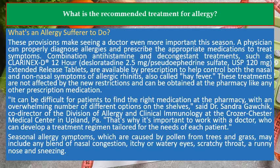Seasonal allergy symptoms, which are caused by pollen from trees and grass, may include any blend of nasal congestion, itchy or watery eyes, scratchy throat, a runny nose, and sneezing.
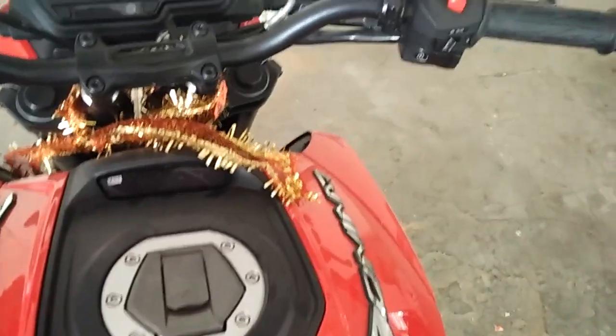This is the clutch, this is the brake, and that's the gear. The foot rest always stays fixed — it doesn't fold. I kept it down and this is where you shift up for second gear.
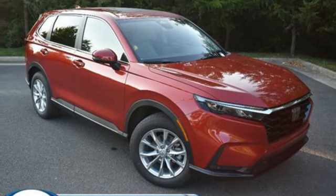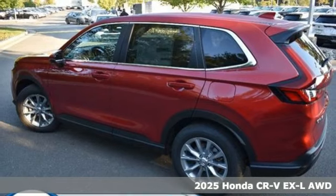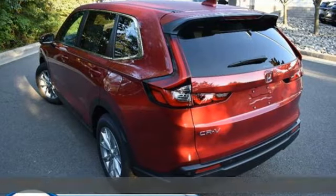Here's a new 2025 Honda CR-V. Capability without compromise isn't a dream, it's a CR-V. And it comes with all the amenities you need.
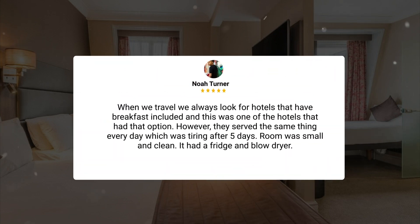When we travel, we always look for hotels that have breakfast included, and this was one of the hotels that had that option. However, they served the same thing every day, which was tiring after five days. The room was small and clean — it had a fridge and a blow dryer.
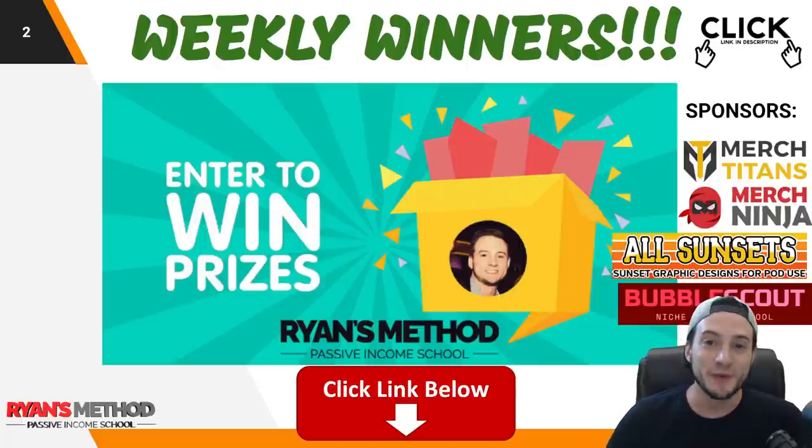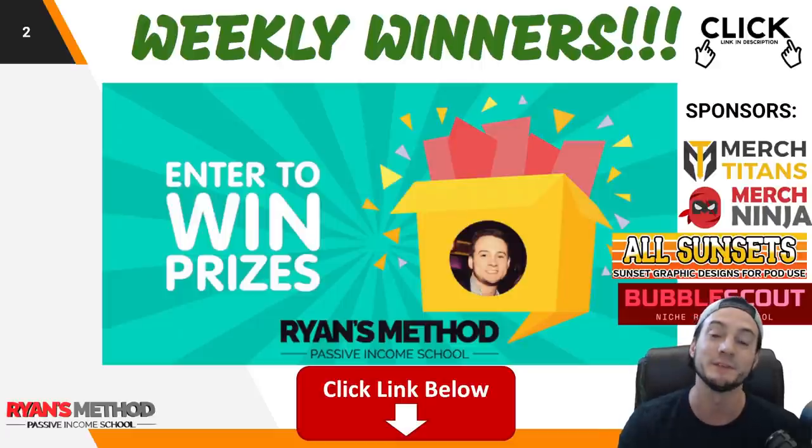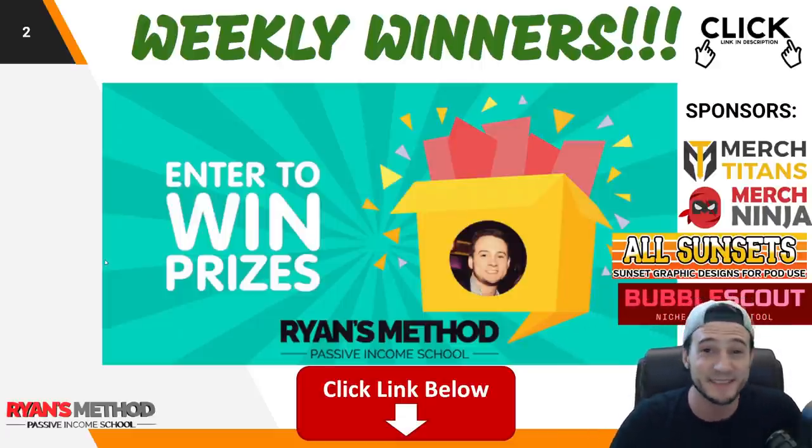Quick reminder: take advantage of the free weekly print-on-demand giveaway. Two winners are going to be randomly selected and announced on Sunday. They'll receive a license to Merch Titans upload automation, Merch Ninja print-on-demand research tools, All Sunsets premium graphics, and Bubble Scout — the only Redbubble niche research and validation tool. You'll find a link at the top of the description to enter the giveaway. It takes like 10 seconds.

- - -

When copying the material, leave every image behind and keep each line verbatim.

• **Answer**
Seasonal allergy symptoms, which are caused by pollen from trees and grass, may include any blend of nasal congestion, itchy or watery eyes, scratchy throat, a runny nose, and sneezing.
This is the clutch, this is the brake, and that's the gear. The foot rest always stays fixed — it doesn't fold. I kept it down and this is where you shift up for second gear.
Here's a new 2025 Honda CR-V. Capability without compromise isn't a dream, it's a CR-V. And it comes with all the amenities you need.
When we travel, we always look for hotels that have breakfast included, and this was one of the hotels that had that option. However, they served the same thing every day, which was tiring after five days. The room was small and clean — it had a fridge and a blow dryer.
Quick reminder: take advantage of the free weekly print-on-demand giveaway. Two winners are going to be randomly selected and announced on Sunday. They'll receive a license to Merch Titans upload automation, Merch Ninja print-on-demand research tools, All Sunsets premium graphics, and Bubble Scout — the only Redbubble niche research and validation tool. You'll find a link at the top of the description to enter the giveaway. It takes like 10 seconds.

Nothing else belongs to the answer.